2. In your Simulink model, click Simulation > Model Configuration Parameters to open the Configuration Parameters dialog box.
3. Under the Hardware Implementation pane, select
Raspberry Pi in the Hardware board list. Do not change any other settings.
4. Click Apply to save your changes, and then click OK.
Task 2 — Enable MAT file logging
This task explains how to enable MAT-file logging to save acceleration data as MAT-files.
1. To open the Configuration Parameters dialog box, click the gear icon on the Simulink model toolbar.
2. Browse to Code Generation > Interface > Advanced Parameters, or type
MAT-file logging in the search box.
3. Select the MAT-file logging option and click Apply to save the changes.
4. Click OK to close the dialog box.
5. In the Simulink model, double-click the
Scope block, and click the gear icon to open the Configuration Properties dialog box.
6. In the Logging tab, select the Log data to workspace option, and click Apply to save the changes.
7. On the Simulink model toolbar, set the Simulation stop time parameter.
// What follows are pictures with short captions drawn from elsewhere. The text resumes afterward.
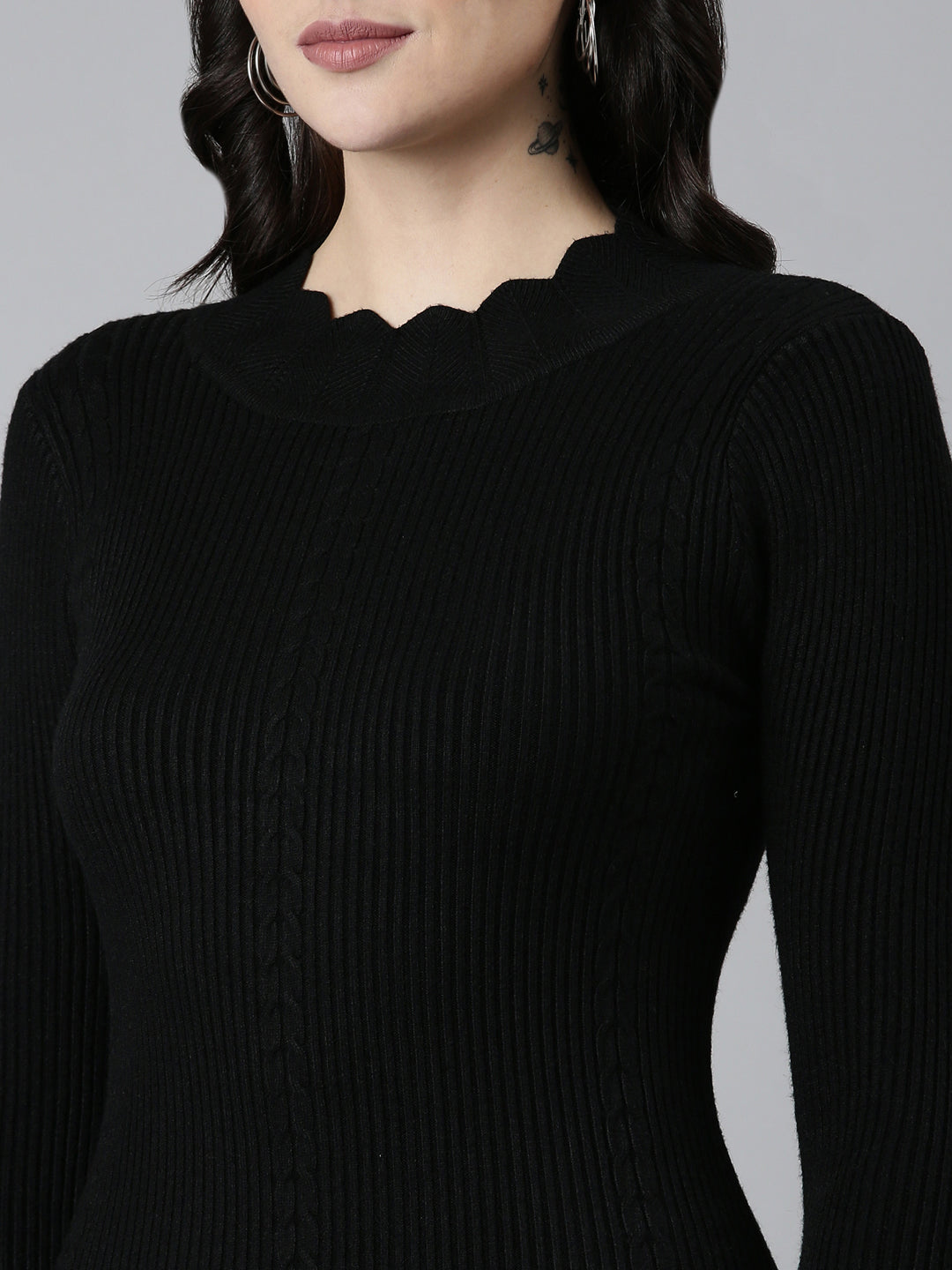 Women's Black Solid Bodycon Dress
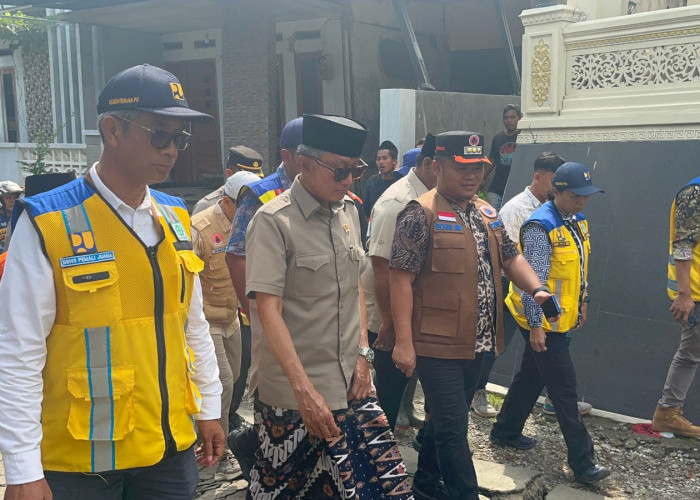 Menteri PU Tinjau Lokasi Tanah Bergerak di Desa Padasari Tegal, Cek Kesiapan Huntara 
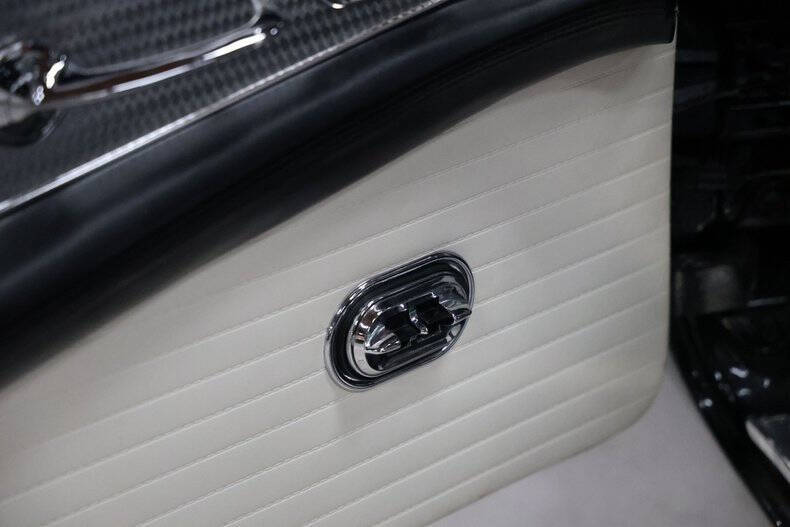 1956 Ford Thunderbird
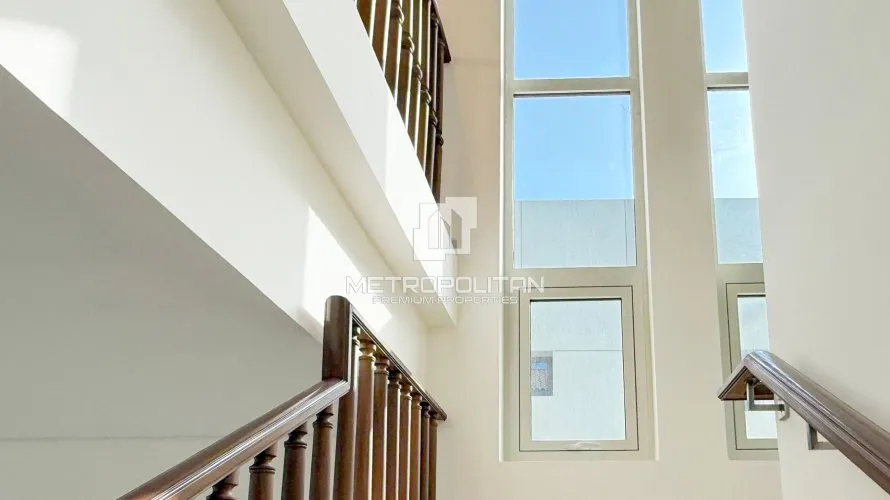 Villa de 5 chambres à District One, UAE No. 1630 № 7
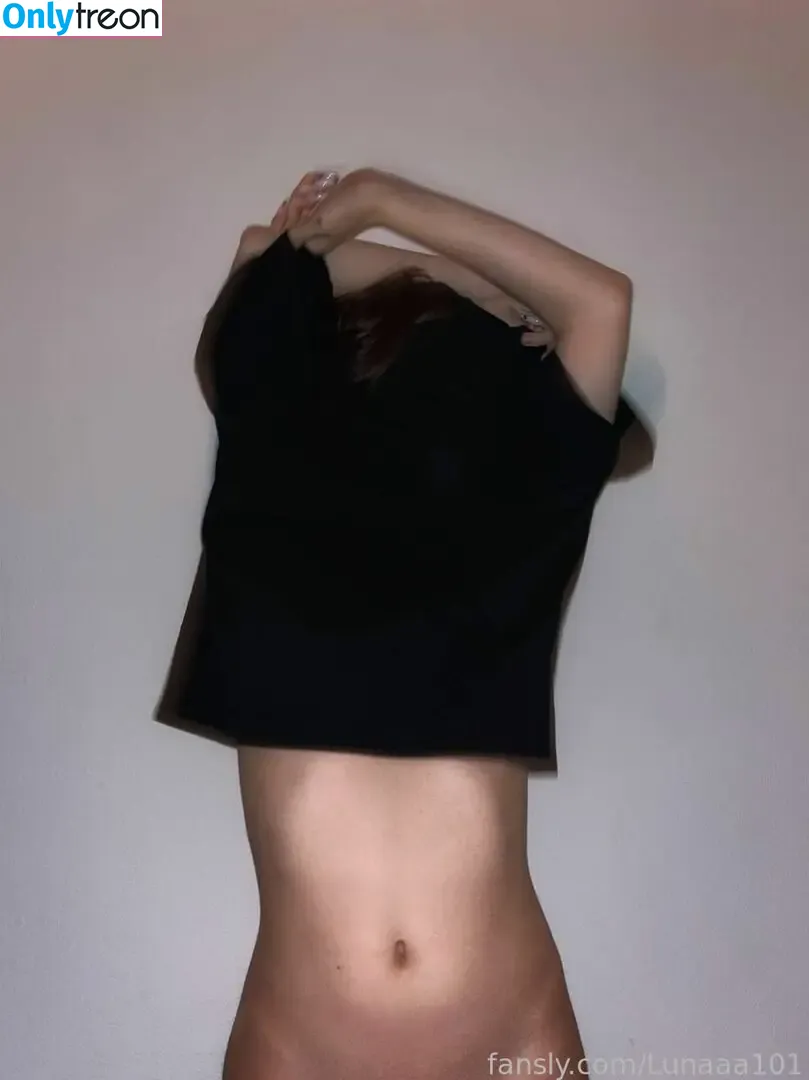 Lunaaa101 nude photo #0036 (lunaa_101 / transsluna)
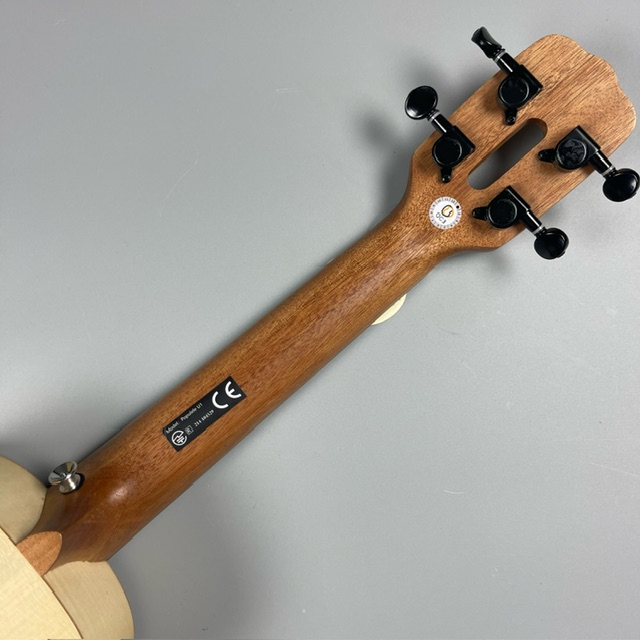 Popumusic 【現物写真】POPULELE スマートウクレレ ポピュレレ 全長23インチ コンサートウクレレサイズ ケース付きPopulele  U1 ポピュミュージック 【 ミ・ナーラ奈良店 】 | 島村楽器オンラインストア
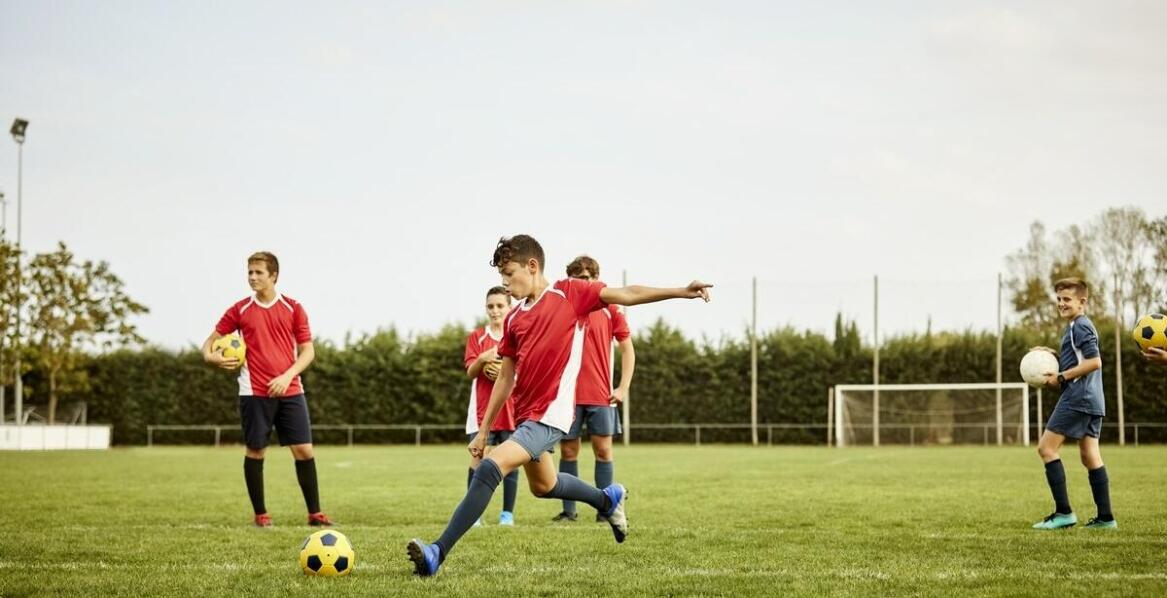 Obozy piłkarskie zagraniczne – dla kogo są przeznaczone?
This parameter specifies the duration for which the signals are logged. After the simulation stop time elapses, the logging of signals stops. However, your model continues to run. For example, if the Simulation stop time parameter is specified as
10.0 seconds, the signals are logged for 10.0 seconds, and then the logging stops. However, the model continues to run for indefinite time.
Task 3 — Deploy Simulink Model on Raspberry Pi Hardware
1. On the Hardware tab of the Simulink model, in the Mode section, select Run on board and then click Build, Deploy & Start. This action builds, downloads, and runs the model on the Raspberry Pi hardware.
2. Walk a few steps while holding the Raspberry Pi hardware. Make sure that you walk at least for the duration specified by the Simulation stop time parameter.
Task 4 — Import and Analyze Data
This task explains how to import the generated MAT-files from the hardware to your computer after the logging is completed.
1. In the MATLAB command window, use the following command to create a raspberrypi object. The parameters specified in this command must match the board parameters specified in Simulation > Model Configuration Parameters > Target hardware resources > Board Parameters.
r = raspberrypi(<IP address>, <username>, <password>);
2. Use the
getFile function to copy the MAT-files from the Raspberry Pi board to your computer.
r specifies the raspberrypi object and
filename specifies the path and name of the file created. After importing the MAT-files, you can use it like a regular MAT-file for any further analysis in MATLAB.
3. Load the MAT files into workspace variables.
load('raspberrypi_countstep_1_1.mat'); a(:,:) = rt_ScopeData.signals.values(1,:,:) * 9.8; a = a'; t = rt_tout;
4. Plot raw sensor data.
plot(t, a); legend('X', 'Y', 'Z'); xlabel('Relative time (s)'); ylabel('Acceleration (m/s^2)');
5. Process raw acceleration data.
To convert the XYZ acceleration vectors at each point in time into scalar values, calculate the magnitude of each vector. This way, you can detect large changes in overall acceleration, such as steps taken while walking, regardless of device orientation.
x = a(:,1); y = a(:,2); z = a(:,3); mag = sqrt(sum(x.^2 + y.^2 + z.^2, 2));
Plot the magnitude to visualize the general changes in acceleration.
plot(t, mag); xlabel('Time (s)'); ylabel('Acceleration (m/s^2)');
The plot shows that the acceleration magnitude is not zero mean. Subtract the mean from the data to remove any constant effects, such as gravity.
magNoG = mag - mean(mag); plot(t, magNoG); xlabel('Time (s)'); ylabel('Acceleration (m/s^2)');
The plotted data is now centered about zero and clearly shows peaks in acceleration magnitude. Each peak corresponds to a step being taken while walking.
6. Count the number of steps taken.
findpeaks, a function from the Signal Processing Toolbox™, to find the local maxima of the acceleration magnitude data. Only peaks with a minimum height above one standard deviation are treated as a step. This threshold must be tuned experimentally to match a person's level of movement while walking, hardness of floor surfaces, and other variables.
minPeakHeight = std(magNoG); [pks, locs] = findpeaks(magNoG, 'MINPEAKHEIGHT', minPeakHeight);
The number of steps taken is simply the number of peaks found.
numSteps = numel(pks)
Visualize the peak locations with the acceleration magnitude data.
hold on; plot(t(locs), pks, 'r', 'Marker', 'v', 'LineStyle', 'none'); title('Counting Steps'); xlabel('Time (s)'); ylabel('Acceleration Magnitude, No Gravity (m/s^2)'); hold off;